支援学校で働き38年、あの日卒業式の準備をしていた
迷子とわかったため、表さんは警察に通報しました。のちにわかったことですが、警察によりますと、男の子は6歳で、父親が車で外出する際に、走って追いかけたものの道がわからなくなり、40分ほど雨の中をさまよっていたといいます。



帰宅した母親が、男の子が自宅からいなくなっているのに気がつき、警察に相談していたところでした。もし保護するのが遅れていたら…。
表さんは支援学校で、寄宿舎生活を送る障害がある子どもたちのサポートをする仕事をしています。

支援学校の案内によると、寄宿舎では「集団生活を通して、一人一人に応じた生活の自立を目指し、社会生活に必要な生活能力と健康な心身の育成を図ります」としています。

“あの日”表さんは、翌日に控えた卒業式の準備をしていました。
高岡支援学校職員 表千春さん:
「あすは子どもたちとお別れということで、『卒業していく子どもたち成長したな』とか思いながら帰宅していて」


支援学校で働いて38年。
支援学校で、子供たちは小中高をともに過ごすため、入学から卒業まで12年間、いっしょに過ごすことになります。迷子になった男の子と同い年の6歳の子供たちが入学し、小中高を通して成長して卒業…自立していくまでを、表さんは見守り続けてきました。

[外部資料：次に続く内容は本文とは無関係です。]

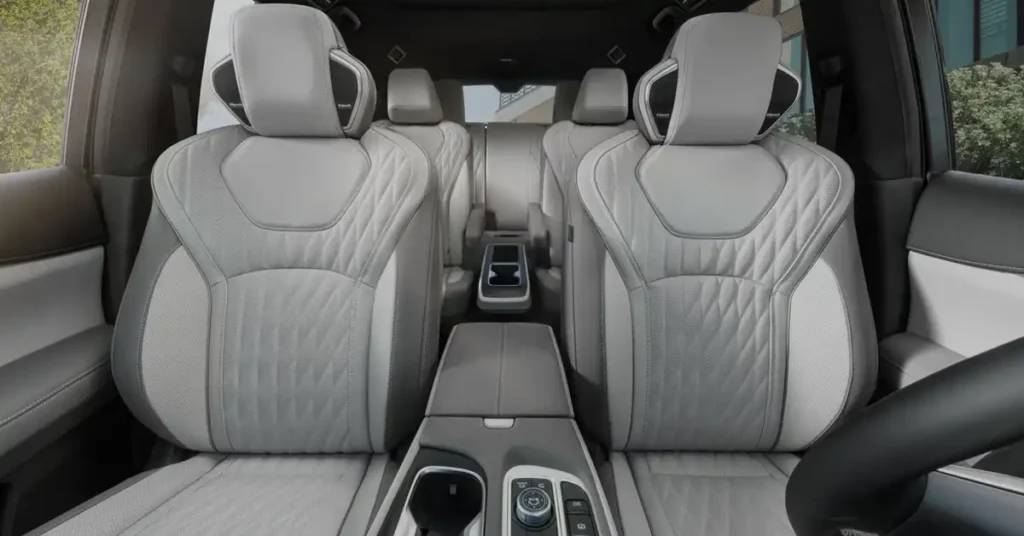 A wide-angle shot captures the luxurious interior of a 2026 INFINITI QX60 SUV, focusing on the front and second rows of seats. The seats are upholstered in a sophisticated light gray leather with intricate diamond-pattern stitching on the backrests and seat cushions, contrasted by darker gray accents on the sides.
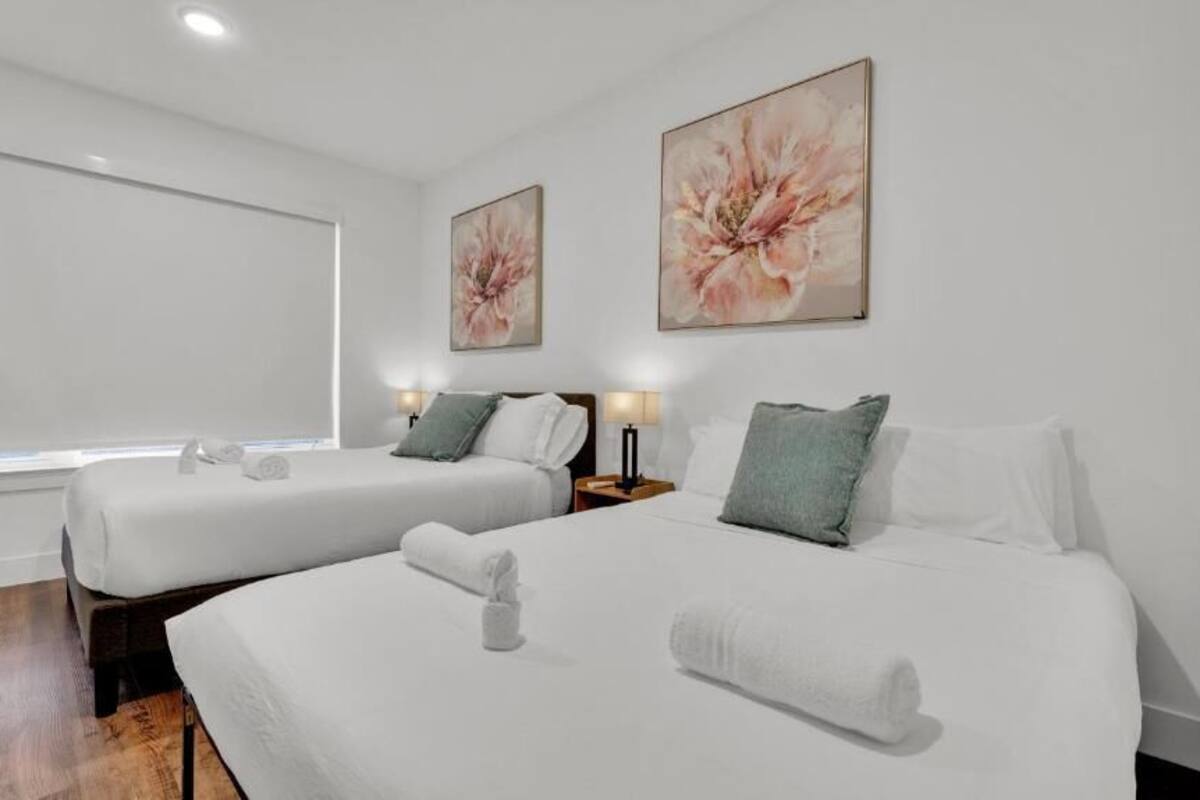 Une chambre d’hôtel avec deux lits, une grande fenêtre et des œuvres d’art accrochées aux murs.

今月24日、富山県警氷見警察署から表さんに感謝状が贈られました。表さんの頭に浮かんだのは、あの無事保護された男の子のことでした。
高岡支援学校職員 表千春さん:
「(保護した子が)6歳だって聞いたのでたぶん来年度小学校にあがるのかな、事故もなく無事小学校にあがることができることになりよかった」


表さんの、とっさの判断が男の子の命を守りました。